Aurora MySQL Lessons From Real Production Systems

Replication lag, failover timing, schema migration safety, and monitoring thresholds worth setting.


Introduction

Running Aurora MySQL in production teaches you things the documentation doesn’t cover directly. This article collects the lessons that came up repeatedly across real systems.

Replication lag deserves its own alert

Reader endpoints in Aurora use replicas. When a replica falls behind the writer, reads from that endpoint return stale data — silently. Set a CloudWatch alarm on AuroraReplicaLag with a threshold appropriate for your application’s tolerance, not just AWS defaults.

For most transactional workloads, lag above 500ms should trigger a warning. Above 5 seconds should page someone.

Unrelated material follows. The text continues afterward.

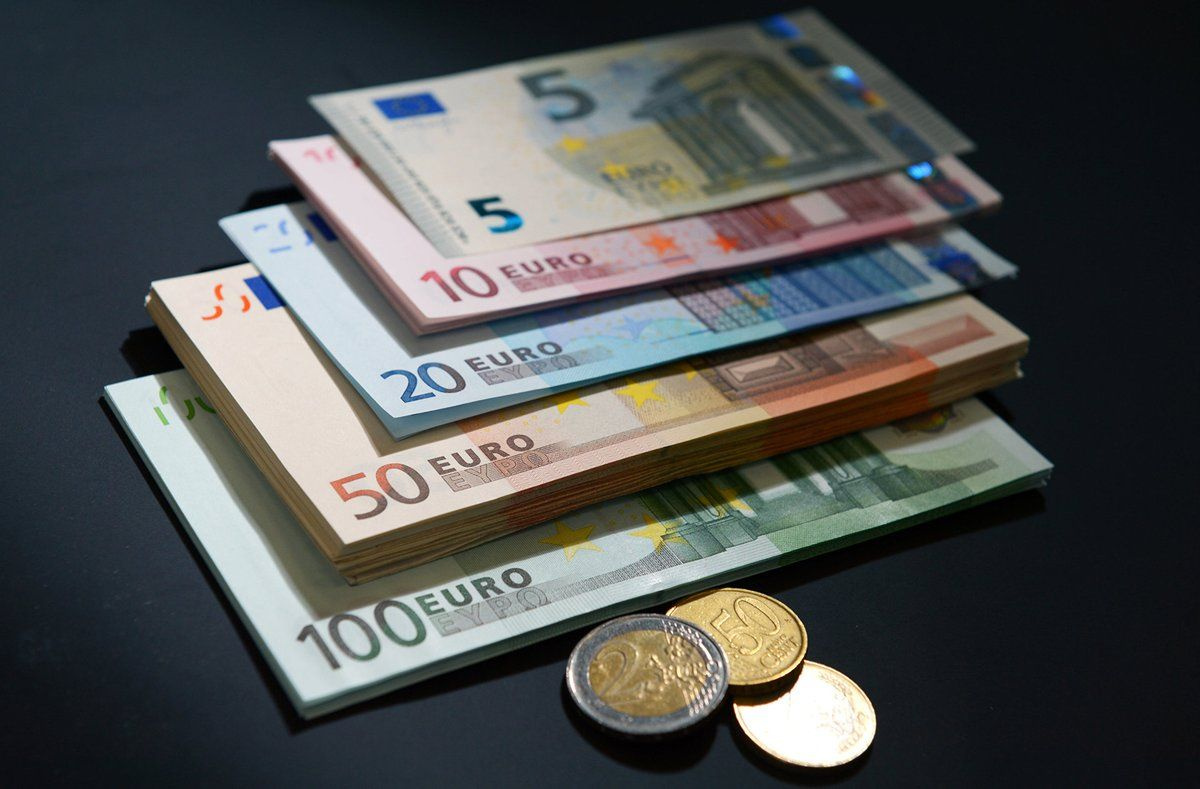 Dolar 20 lira gram altın 1450 lira olacak İslam Memiş Temmuz 2022'de dolar ve altın fırlayacak diyor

Failover timing is not instantaneous

Aurora’s automatic failover typically completes in 30–60 seconds. Your application needs to handle that window. This means:

  • Connection retry logic with exponential backoff
  • Queue workers that tolerate temporary write failures
  • Health checks that don’t kill containers faster than the cluster recovers

Schema migrations need a checklist

Zero-downtime migrations require more discipline than just running ALTER TABLE on a staging environment. Before any schema change ships:

  1. Verify the migration is backwards-compatible with the current code version
  2. Check whether the table is large enough to require pt-online-schema-change or similar
  3. Confirm binlog retention is long enough to replay changes if something goes wrong
  4. Have an explicit rollback query ready before you start

Monitoring thresholds worth setting

Beyond replication lag, the following CloudWatch metrics are worth alarming on:

  • DatabaseConnections — alert before you hit max_connections
  • FreeLocalStorage — Aurora local storage for temp tables and binary logs
  • DMLThroughput — sudden spikes often precede lock contention incidents
  • DeadlockCount — any deadlocks in production are worth investigating, not just accepting

Conclusion

Most Aurora incidents are preventable with the right monitoring in place before something goes wrong. The time to set thresholds is during a calm week, not during an incident.